» **INFORMATION SHOWN**
>>>>

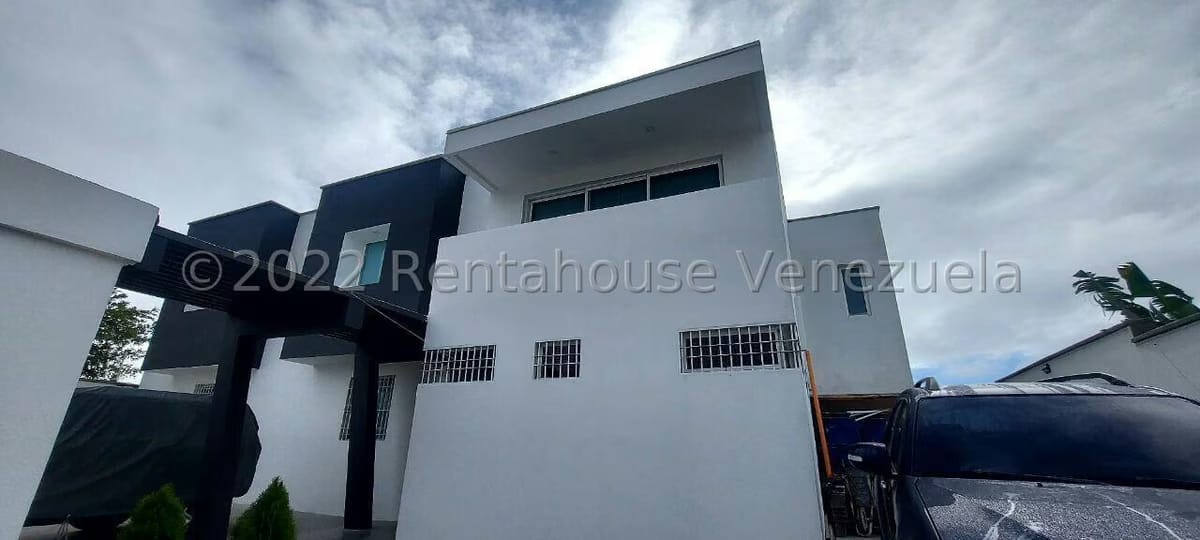 Casa (Multipes Niveles) en Venta en Oripoto, Distrito Metropolitano - 41
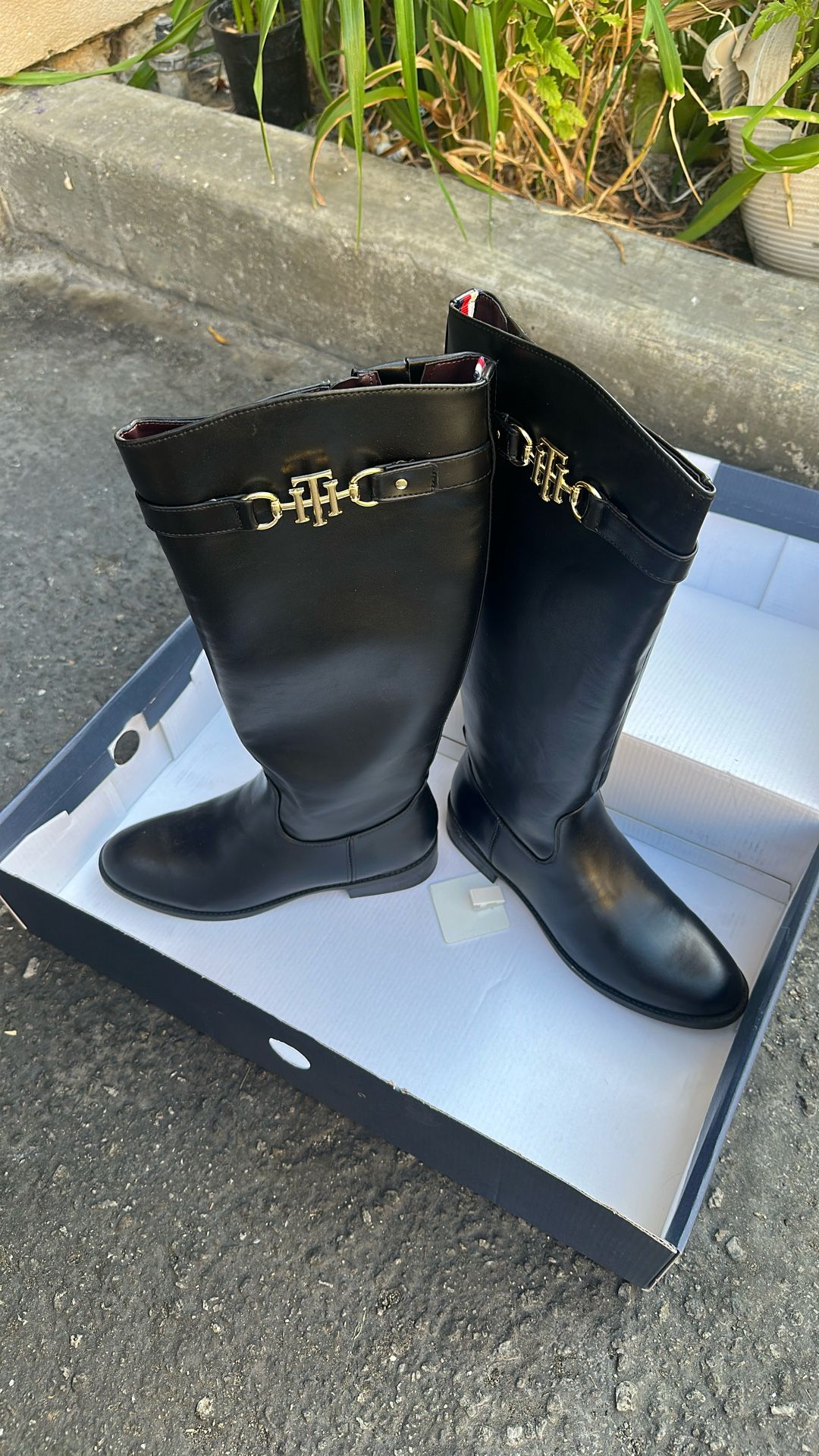 Tommy Hilfiger Twinezy Riding Boots in black, size 8M.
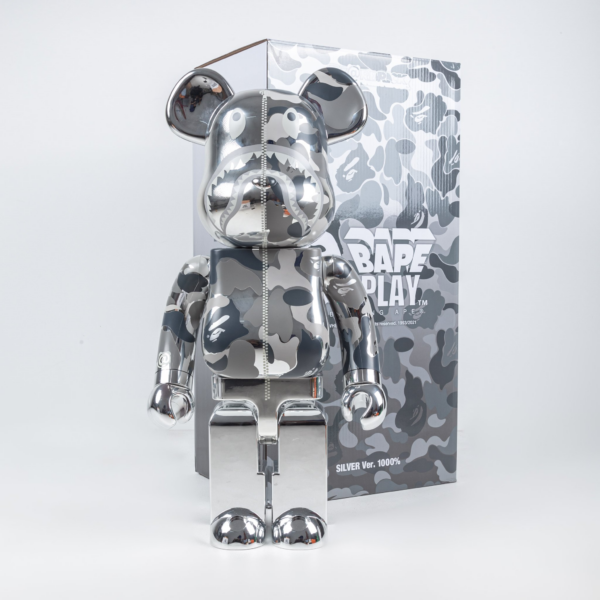 Mô Hình Bearbrick x BAPE Camo Shark Silver 1000% - Ảnh 2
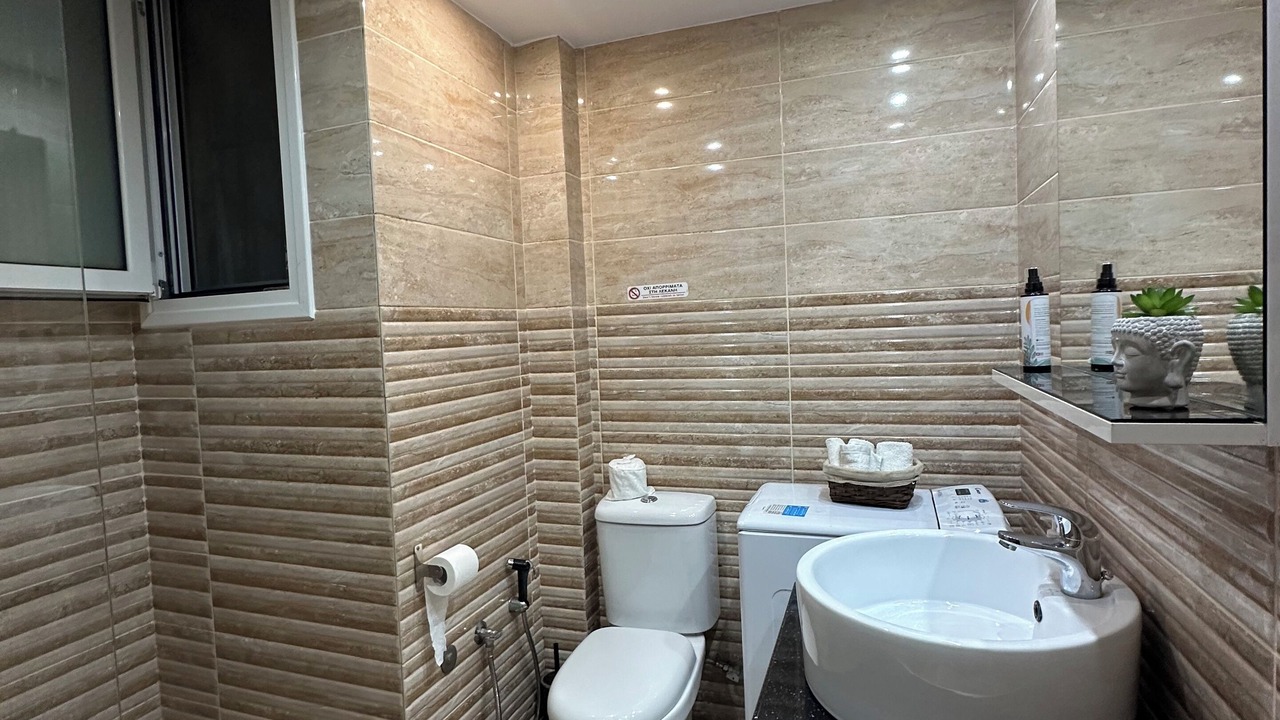 Photo of Bathroom in Varkiza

<<<<

Repeat the material verbatim. Do not carry over any picture.

» **WRITTEN ANSWER**
 Casa (Multipes Niveles) en Venta en Oripoto, Distrito Metropolitano - 41
 Tommy Hilfiger Twinezy Riding Boots in black, size 8M.
 Mô Hình Bearbrick x BAPE Camo Shark Silver 1000% - Ảnh 2
 Photo of Bathroom in Varkiza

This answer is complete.